BEGIN
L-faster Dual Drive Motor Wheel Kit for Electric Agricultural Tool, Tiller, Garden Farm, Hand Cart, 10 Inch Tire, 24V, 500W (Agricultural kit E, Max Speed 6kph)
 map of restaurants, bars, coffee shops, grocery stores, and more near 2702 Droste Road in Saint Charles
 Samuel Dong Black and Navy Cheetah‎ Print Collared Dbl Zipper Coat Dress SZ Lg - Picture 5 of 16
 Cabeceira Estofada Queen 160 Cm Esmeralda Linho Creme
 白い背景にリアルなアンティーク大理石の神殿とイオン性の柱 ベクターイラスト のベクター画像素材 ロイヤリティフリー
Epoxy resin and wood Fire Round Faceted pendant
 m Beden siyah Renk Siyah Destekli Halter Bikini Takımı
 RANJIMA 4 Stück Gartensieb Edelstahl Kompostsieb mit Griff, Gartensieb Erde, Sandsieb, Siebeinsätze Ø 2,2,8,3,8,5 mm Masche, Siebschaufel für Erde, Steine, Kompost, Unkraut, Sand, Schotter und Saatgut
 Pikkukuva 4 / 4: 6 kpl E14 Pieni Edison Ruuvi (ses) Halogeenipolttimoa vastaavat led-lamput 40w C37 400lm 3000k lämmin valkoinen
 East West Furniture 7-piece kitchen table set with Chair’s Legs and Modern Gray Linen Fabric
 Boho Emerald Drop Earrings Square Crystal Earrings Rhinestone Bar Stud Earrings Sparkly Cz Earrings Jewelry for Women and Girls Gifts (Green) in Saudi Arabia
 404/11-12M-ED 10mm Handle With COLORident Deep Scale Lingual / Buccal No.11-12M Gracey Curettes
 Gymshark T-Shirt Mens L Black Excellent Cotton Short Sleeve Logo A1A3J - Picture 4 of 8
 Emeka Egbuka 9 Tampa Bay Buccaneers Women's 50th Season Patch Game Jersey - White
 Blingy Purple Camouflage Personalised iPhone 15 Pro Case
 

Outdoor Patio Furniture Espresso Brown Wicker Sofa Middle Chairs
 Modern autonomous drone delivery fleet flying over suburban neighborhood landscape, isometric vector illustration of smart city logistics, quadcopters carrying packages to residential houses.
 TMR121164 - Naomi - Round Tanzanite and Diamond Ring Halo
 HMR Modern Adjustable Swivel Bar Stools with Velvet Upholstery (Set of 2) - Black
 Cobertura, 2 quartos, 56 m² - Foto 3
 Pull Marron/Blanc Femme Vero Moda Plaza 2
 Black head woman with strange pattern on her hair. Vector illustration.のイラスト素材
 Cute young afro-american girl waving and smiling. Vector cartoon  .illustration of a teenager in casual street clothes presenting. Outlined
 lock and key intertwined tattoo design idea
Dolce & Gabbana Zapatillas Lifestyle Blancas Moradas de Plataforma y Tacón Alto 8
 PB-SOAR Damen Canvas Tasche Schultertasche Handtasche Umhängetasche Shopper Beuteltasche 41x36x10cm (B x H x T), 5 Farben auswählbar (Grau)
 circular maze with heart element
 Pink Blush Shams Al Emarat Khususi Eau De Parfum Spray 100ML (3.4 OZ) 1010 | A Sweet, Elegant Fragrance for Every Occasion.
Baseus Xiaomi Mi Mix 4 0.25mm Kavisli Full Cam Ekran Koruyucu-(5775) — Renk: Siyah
END
### [Your instructions]
In the entries above, find the line holding "Boho Emerald Drop" and the line holding "Black head woman"; print both of them and every line between, exactly, and nothing else.

### [Result of this task]
 Boho Emerald Drop Earrings Square Crystal Earrings Rhinestone Bar Stud Earrings Sparkly Cz Earrings Jewelry for Women and Girls Gifts (Green) in Saudi Arabia
 404/11-12M-ED 10mm Handle With COLORident Deep Scale Lingual / Buccal No.11-12M Gracey Curettes
 Gymshark T-Shirt Mens L Black Excellent Cotton Short Sleeve Logo A1A3J - Picture 4 of 8
 Emeka Egbuka 9 Tampa Bay Buccaneers Women's 50th Season Patch Game Jersey - White
 Blingy Purple Camouflage Personalised iPhone 15 Pro Case
 

Outdoor Patio Furniture Espresso Brown Wicker Sofa Middle Chairs
 Modern autonomous drone delivery fleet flying over suburban neighborhood landscape, isometric vector illustration of smart city logistics, quadcopters carrying packages to residential houses.
 TMR121164 - Naomi - Round Tanzanite and Diamond Ring Halo
 HMR Modern Adjustable Swivel Bar Stools with Velvet Upholstery (Set of 2) - Black
 Cobertura, 2 quartos, 56 m² - Foto 3
 Pull Marron/Blanc Femme Vero Moda Plaza 2
 Black head woman with strange pattern on her hair. Vector illustration.のイラスト素材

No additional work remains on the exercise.